Strength in Numbers

Studio B9 spotlights the art nexus of West End



Atlanta has no central gallery district or complex of studios, so its art scene lacks any real sense of a physical community. But it has a thriving spiritual one. Artists have created small communities of their own at galleries like Saltworks, with its cluster of works spaces, or in the Atlanta Contemporary Art Center’s studios.

The B9 Studio complex in Atlanta’s West End is a gated bohemia that offers a wraparound metal fence and ample work space for an informal community of five artists: Jeff Conefry, Kojo Griffin, David Isenhour, Lance Lamont and Charles Nelson. Housed in an epic warren of warehouse spaces in a dodgy industrial strip off Murphy Avenue, the studios’ neighbors are freight trains, vacant lots and people who transport their worldly goods in shopping carts.

The artists who share the B9 space, whose work is currently on view at the ArtWalk at Lenox Square, couldn’t be more different. Lance Lamont is the classic artist’s artist in the lot. His abstract paintings executed on wood panels are founded on paint’s tactile qualities and painting’s potential for rich physical presence. The raised, splattered, accumulated gobs make his abstractions resemble moonscapes or some otherworldly topography done up in glowing, earthy colors of rust and molten lava.

Charles Nelson is an artist who has not only mentored a new generation of local African-American artists, but who has produced some of the city’s most provocative and conceptual work about race and identity. He brings an intriguing mix of humor, provocation and anger to his artmaking. In Studio B9, however, Nelson takes a breather from social issues and takes a turn toward the personal and tender.

His “Digital Transference: Gretchen Hupfel” is an ethereal eulogy to the Atlanta artist who recently took her own life. “Transference” not only depicts Hupfel in a minimalist portrait, it also references her own clean, spare aesthetic. The work is the most fitting kind of tribute: restrained and clear-eyed but also remarkably telling and heartfelt. Using cut-up fragments of paper paint swatches, Nelson has assembled a Chuck Close-style, pixilated representation of Hupfel’s face. Seen up close, Hupfel’s likeness becomes hazy and the individual pieces of paper become distractingly visible. But seen from a distance, the portrait is immediately recognizable as Hupfel. “Transference” is a poetic metaphor for how we experience death. When loved ones die, the close-up, intimate perception of them begins to retreat and they become remembered only from a great, abstract distance.
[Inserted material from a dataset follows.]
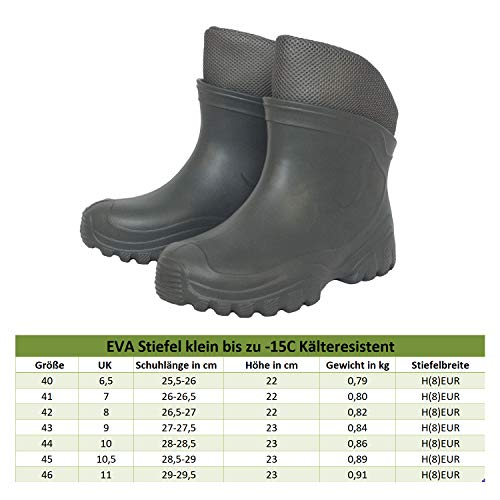 FortMen Botas de goma EVA, ligeras, para jardín, tallas 40 – 46, con interior cálido y extraíble, Unisex adulto, verde oliva, 43 EU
David Isenhour, perhaps the B9 artist closest to Nelson in terms of content and execution, creates winking, piquant examinations of how our consciousness has been mutated and shaped by pop culture. There is an evolution to Isenhour’s sleek, wry work in Studio B9, from the glossy, slick surfaces of his sculptures “Becoming” and “Secret” to the more subdued effect of “Bulge.”

“Becoming” is an egg-shaped silver orb sprouting bulbous projectiles like some Invasion of the Body Snatchers life force rising to the surface. In contrast to that punchy, animated liquidity is “Bulge,” whose cool matte surface signals a real change from Isenhour’s previous work. Nevertheless, its bulging belly or breast protrusion shows the artist’s continued interest in the intersection of growth, sex and metamorphosis that may be a product of sci-fi or something all too hormonally human.

On canvases shaped like one of Isenhour’s cartoon thought bubbles, Jeff Conefry uses an earthy color palette to document a fragmented, driver’s-eye view of Atlanta’s cityscape of passing trucks and cars. The two large paintings on view at ArtWalk suggest a relationship between the city and the strangely formed puzzle-piece canvases, though the small sample of work on display here makes the relationship between form and content vague.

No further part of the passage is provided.